Defamation of character is one type of unprotected speech. Defamatiion of character exists in 2 forms: libel, or defamation of character in written form, and slander, or defamation of character in oral for. Fighting words also are a form of unprotected speech. Finally, obscenity is not protected, though the courts have not yet reached a consensus as to what materials and speech should be considered obscene.
Does the government have the constitutional right to engage in prior restraint? Why or why not?
No. In recent decades, the courts have ruled that efforts to engage in porior restraint are unconstitutional violations of the First Amendment right to freedom of the press.
What impact does the exclusionary rule have upon the rights of the accused?
The exclusionary rule prohibits illegally obtained evidence from being admitted at trial. This rule discourages the use of coercive methods to obtain evidence, protects the due process rights of innocent individuals, and limits warrentless searches.
List several major due process rights that are set forth in the Constitution.
--writ of habeas corpus
--prohibition of unreasonable searches and seizures
--protection against self-incrimination and coerced confessions
--the right to a speedy and fair trial by an impartial jury
--prohibition of cruel and unusual punishment
Does the Constitution explicitly protect the right to privacy?
No. The right to privacy is not explicitly mentioned at any point in the Constitution. Nonetheless, the Supreme Court has inferred a right to privacy from the Fourth Amendment as well as other language throughout the Constitution.
Do heterosexuals and homosexuals have the same rights of privacy under the Constitution?
According to the Supreme Court, NO. In a ruling regarding birth control, the Court established the right to privacy in sexual behavior for heterosexual (particularly married) couples. However, in a case involving an antisodomy statute in Georgia, the Court upheld a law that regulated sexual behavior even though that law was enforced only against homosexuals.

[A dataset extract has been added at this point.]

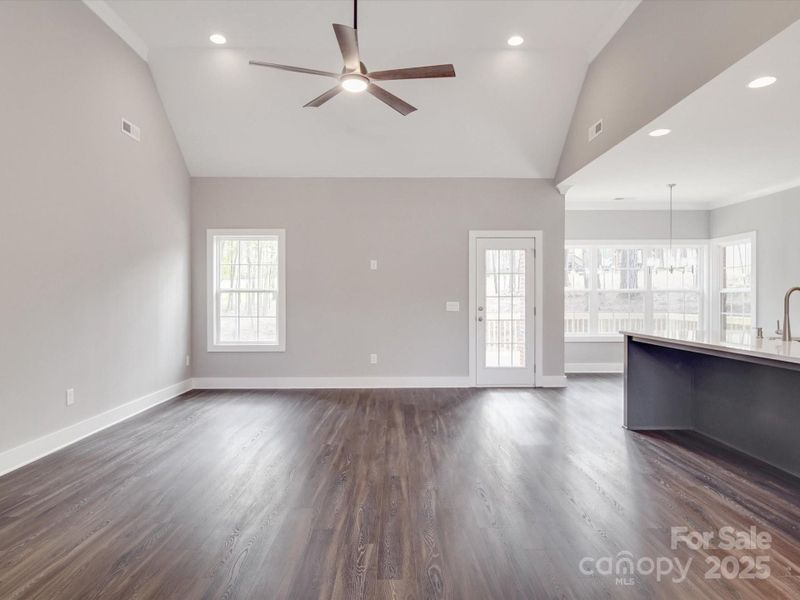 Spacious, unfurnished interior of a new home in , Lancaster (Image 25).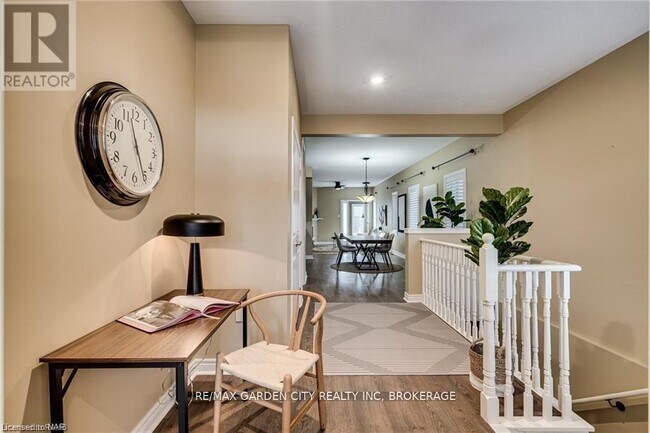 221 Shoreview Dr in Welland, ON - Building Photo - Building Photo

How did the Supreme Court apply the right to privacy in Roe v. Wade?
The Court ruled that the right to privacy protected a women's right to have an abortion. This right is unrestricted during the first trimester of pregnancy, but states may adopt certain regulations regarding abortion during the second and third trimesters.
Does the Second Amendment guarantee an individual the right to bear arms?
No, the court has consistently reflected the view that the right to bear arms is not an individual right but a collective right held by state-regulated militias. A 1999 federal court decision provides an exception to this rule, but it remains to be seen whether the Supreme Court will change its viewpoint on gun control.
Are government efforts to regulate gun ownership constitutional? Why or why not?
The Supreme Court has consistently upheld state and federal regulations on gun ownership, thus signaling that governmental efforts to regulate gun ownership are indeed constitutional. In general, the Court's legal reasoning is based upon a reading of the second Amendment which suggests that this provision was originally intended to prevent the national government from abolishing state militias. In other words, the courts have thus far rejected the claim that individuals have a fundamental right to own guns under the second amendment.